[Start of section]

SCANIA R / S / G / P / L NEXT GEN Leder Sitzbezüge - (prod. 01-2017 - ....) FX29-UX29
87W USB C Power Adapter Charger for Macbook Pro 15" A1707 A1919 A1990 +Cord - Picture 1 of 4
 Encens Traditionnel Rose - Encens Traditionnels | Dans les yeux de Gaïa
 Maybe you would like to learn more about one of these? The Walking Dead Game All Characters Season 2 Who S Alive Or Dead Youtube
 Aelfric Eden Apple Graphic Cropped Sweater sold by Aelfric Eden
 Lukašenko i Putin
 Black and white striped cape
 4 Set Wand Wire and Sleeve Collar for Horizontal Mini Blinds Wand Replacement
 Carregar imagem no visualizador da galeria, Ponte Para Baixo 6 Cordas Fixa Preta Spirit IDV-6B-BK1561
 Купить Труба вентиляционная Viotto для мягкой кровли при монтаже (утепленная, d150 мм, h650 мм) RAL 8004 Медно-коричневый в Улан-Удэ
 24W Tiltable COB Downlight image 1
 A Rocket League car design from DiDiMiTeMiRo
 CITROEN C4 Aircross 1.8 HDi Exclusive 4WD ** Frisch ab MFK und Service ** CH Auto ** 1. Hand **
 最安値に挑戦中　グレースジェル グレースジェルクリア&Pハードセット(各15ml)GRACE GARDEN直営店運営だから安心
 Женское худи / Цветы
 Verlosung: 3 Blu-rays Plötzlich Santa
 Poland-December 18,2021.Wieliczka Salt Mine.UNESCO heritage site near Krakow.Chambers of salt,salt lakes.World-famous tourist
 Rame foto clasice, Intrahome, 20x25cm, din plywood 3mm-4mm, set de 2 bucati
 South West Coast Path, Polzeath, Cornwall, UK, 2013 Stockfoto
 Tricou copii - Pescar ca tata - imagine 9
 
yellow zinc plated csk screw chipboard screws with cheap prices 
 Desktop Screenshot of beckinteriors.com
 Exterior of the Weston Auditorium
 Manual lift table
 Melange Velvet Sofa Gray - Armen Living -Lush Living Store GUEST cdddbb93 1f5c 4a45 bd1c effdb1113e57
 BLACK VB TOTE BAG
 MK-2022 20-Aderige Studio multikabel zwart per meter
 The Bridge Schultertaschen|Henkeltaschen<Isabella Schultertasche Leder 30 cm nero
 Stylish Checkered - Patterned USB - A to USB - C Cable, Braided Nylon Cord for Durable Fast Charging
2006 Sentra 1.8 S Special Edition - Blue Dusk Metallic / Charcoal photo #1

[End of section]

**Prompt:**
Out of the data above, give again only the lines starting at the one holding "Verlosung: 3 Blu-rays Plötzlich Santa" and ending at the one holding "BLACK VB TOTE BAG", unchanged.

**Response area:**
 Verlosung: 3 Blu-rays Plötzlich Santa
 Poland-December 18,2021.Wieliczka Salt Mine.UNESCO heritage site near Krakow.Chambers of salt,salt lakes.World-famous tourist
 Rame foto clasice, Intrahome, 20x25cm, din plywood 3mm-4mm, set de 2 bucati
 South West Coast Path, Polzeath, Cornwall, UK, 2013 Stockfoto
 Tricou copii - Pescar ca tata - imagine 9
 
yellow zinc plated csk screw chipboard screws with cheap prices 
 Desktop Screenshot of beckinteriors.com
 Exterior of the Weston Auditorium
 Manual lift table
 Melange Velvet Sofa Gray - Armen Living -Lush Living Store GUEST cdddbb93 1f5c 4a45 bd1c effdb1113e57
 BLACK VB TOTE BAG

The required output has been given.